Sensible aux photons de longueur d’onde 905 nm, son activation va provoquer la libération de l’oxygène qu’elle transportait, et ainsi contribuer à la synthèse aérobie d’ATP et à la fourniture de nouveaux transporteurs disponibles pour les échanges pulmonaires.

Finalement, l’effet de la photobiomodulation sur l’hémoglobine améliore le transport de l’oxygène dans les tissus ciblés et augmente la synthèse d’ATP.

Effet attendu sur la mélanine

La mélanine est un pigment cutané présent en plus ou moins grande quantité selon la pigmentation des individus. Lors d’une exposition à une longueur d’onde de 660 nm, un effet thermique sur la peau est observé, donc une augmentation de la microcirculation, mais aussi une modification de la protéine HSP70. Cela conduit à une multiplication des fibroblastes, à une hausse de la synthèse de collagène et à une diminution des processus inflammatoires.

Ainsi, l’effet de la photobiomodulation sur la mélanine conduit à une potentialisation de certains facteurs de la cicatrisation cutanée.

Quel type de laser utiliser en pratique équine ?

Actuellement, la classification proposée plus haut semble obsolète ou incomplète. Elle ne permet pas clairement de différencier les lasers du marché, notamment en ce qui concerne le nombre de longueurs d’onde délivrées. Quels sont les paramètres à prendre en compte pour le choix d’une machine dans l’espèce équine ?

– la puissance ;

– les longueurs d’onde délivrées ;

– le poids de la machine ;

– la rusticité de la machine.

Puissance

En ce qui concerne la puissance, plus un laser est puissant plus il va être adapté à la pratique équine. Mais ce n’est pas si simple : les tissus biologiques répondent de manière biphasique au rayonnement laser. Il convient d’appliquer la juste dose aux cellules pour qu’elles répondent correctement. Si l’irradiation n’est pas suffisante, aucune réponse cellulaire n’est observée, si elle est trop forte, l’apoptose cellulaire a lieu.

La notion de réponse biphasique est essentielle à retenir car elle peut expliquer l’inefficacité du laser lors de certains essais. Ainsi des revues systématiques ou des méta-analyses d’essais contrôlés et randomisés expliquent que l’inefficacité du laser observée dans des études peut être liée à un surdosage [7, 38]. Il convient donc de respecter un juste équilibre entre irradiance et temps d’application (tableau 2).

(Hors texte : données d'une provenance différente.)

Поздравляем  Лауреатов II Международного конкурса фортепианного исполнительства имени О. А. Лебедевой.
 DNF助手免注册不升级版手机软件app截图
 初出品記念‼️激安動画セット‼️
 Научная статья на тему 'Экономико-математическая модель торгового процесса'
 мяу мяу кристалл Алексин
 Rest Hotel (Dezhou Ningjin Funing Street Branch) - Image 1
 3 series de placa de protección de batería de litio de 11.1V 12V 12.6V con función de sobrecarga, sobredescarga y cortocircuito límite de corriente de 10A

Chez le cheval, encore plus que chez les autres espèces, la notion de pénétrance du rayonnement laser est cruciale. Le cheval a une peau épaisse, généralement sombre et en raison de sa grande taille, les zones à traiter sont généralement de grande taille et d’une profondeur qui varie du centimètre à la dizaine de centimètres.

L’intérêt des modes d’émissions pulsée et super pulsée est ainsi vraiment un plus dans l’espèce équine car elles permettent réellement une pénétration plus profonde de l’énergie.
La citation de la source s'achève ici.